=== TRY IT ===
Skip the images and restate every line of the records exactly.

Captioned web image data:
== Segment start ==
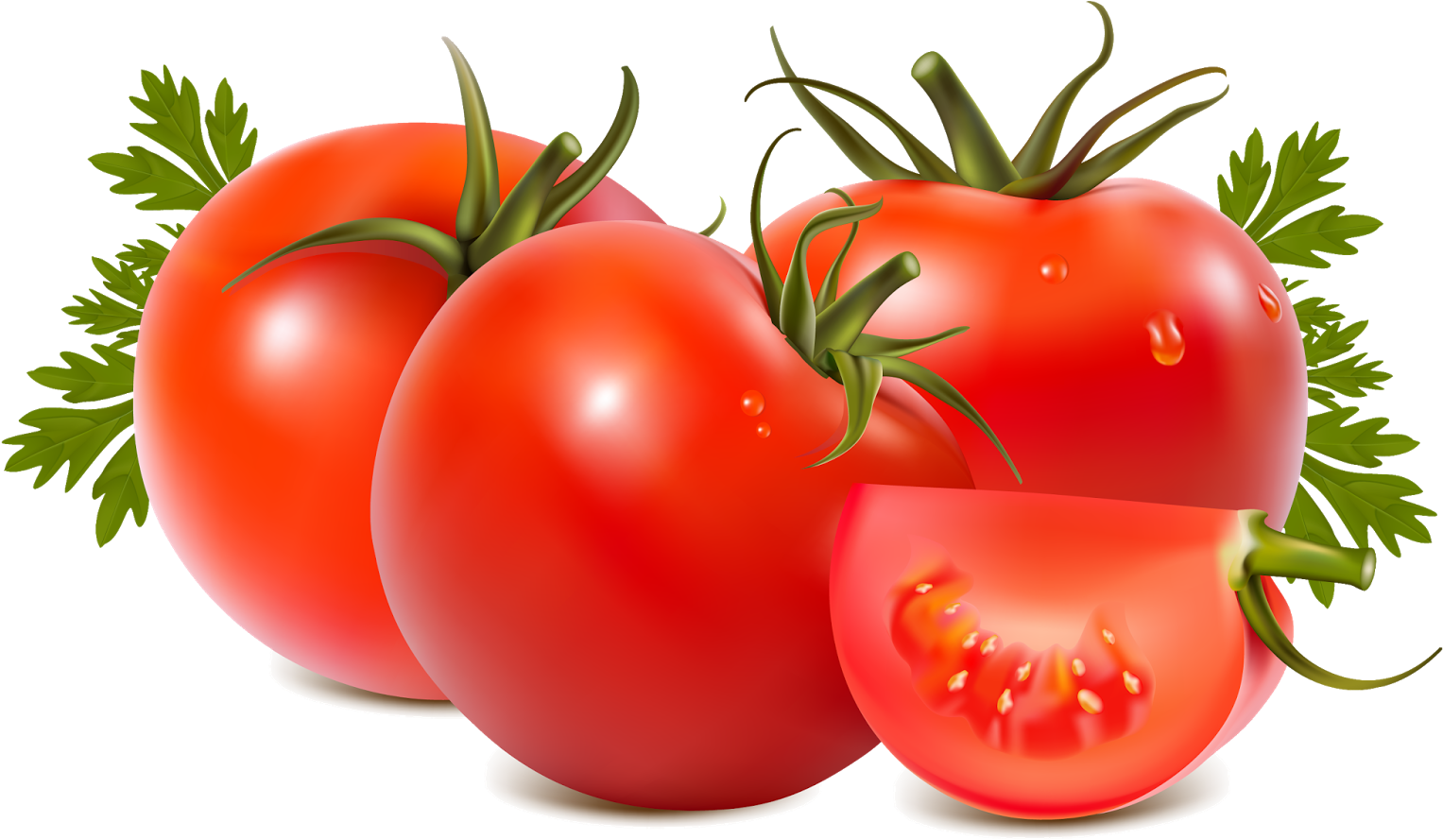 Tomato Slice Clipart Download - Tomato Png (1600x1016)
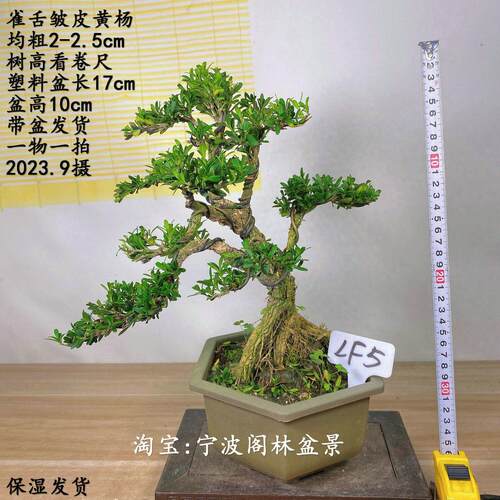 矮霸实生雀舌皱皮黄杨盆景盆栽植物绿植净化空气四季常青一物一拍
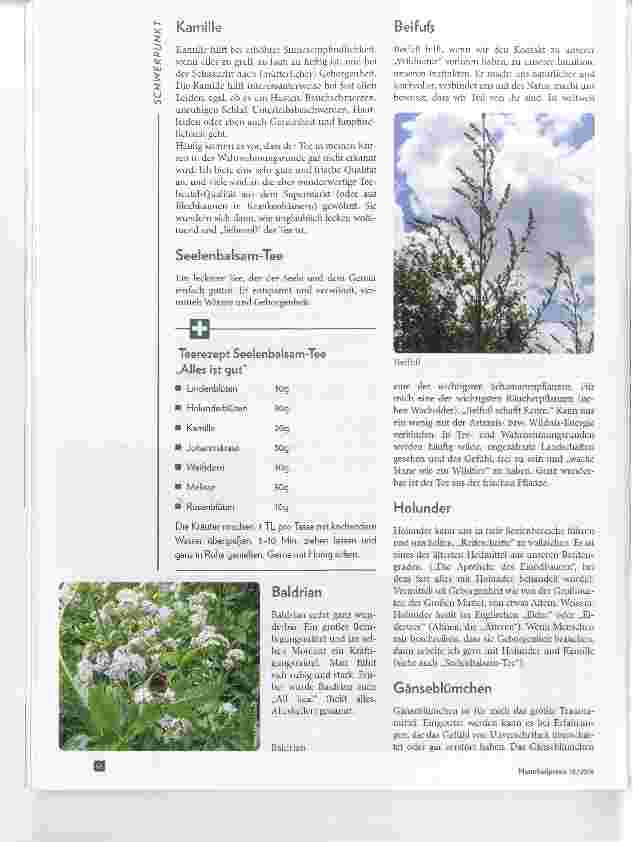Vorschauseite 3: Pflanzen für die Seele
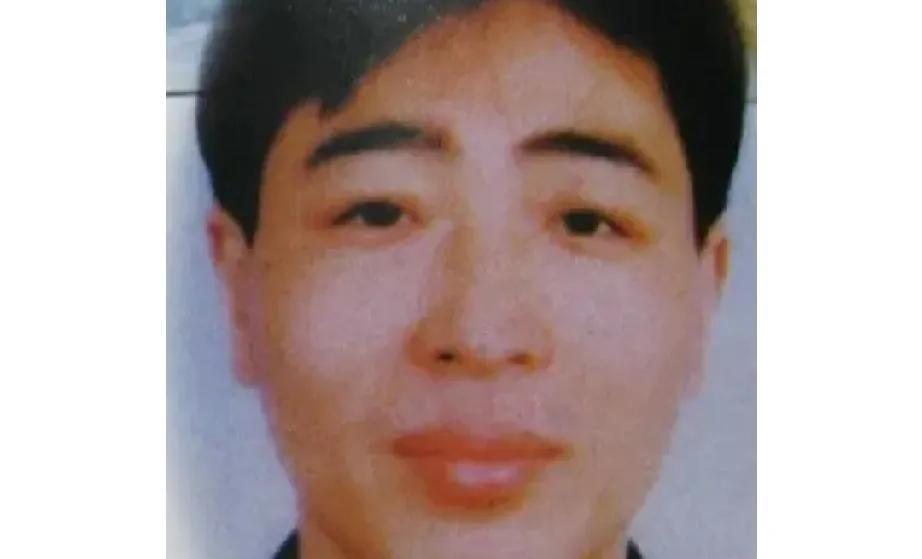 1996年，京城发生了一系列持枪抢劫案。罪犯鹿宪洲曾在云南服役，后因盗窃入狱又越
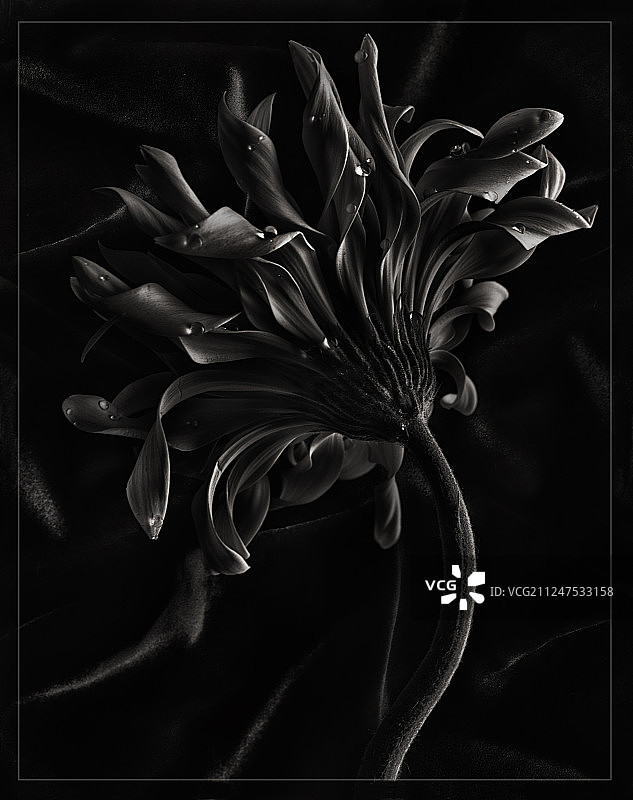 低调的非洲菊图片素材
== Segment end ==
=== EXERCISE RESULT ===
 Tomato Slice Clipart Download - Tomato Png (1600x1016)
 矮霸实生雀舌皱皮黄杨盆景盆栽植物绿植净化空气四季常青一物一拍
Vorschauseite 3: Pflanzen für die Seele
 1996年，京城发生了一系列持枪抢劫案。罪犯鹿宪洲曾在云南服役，后因盗窃入狱又越
 低调的非洲菊图片素材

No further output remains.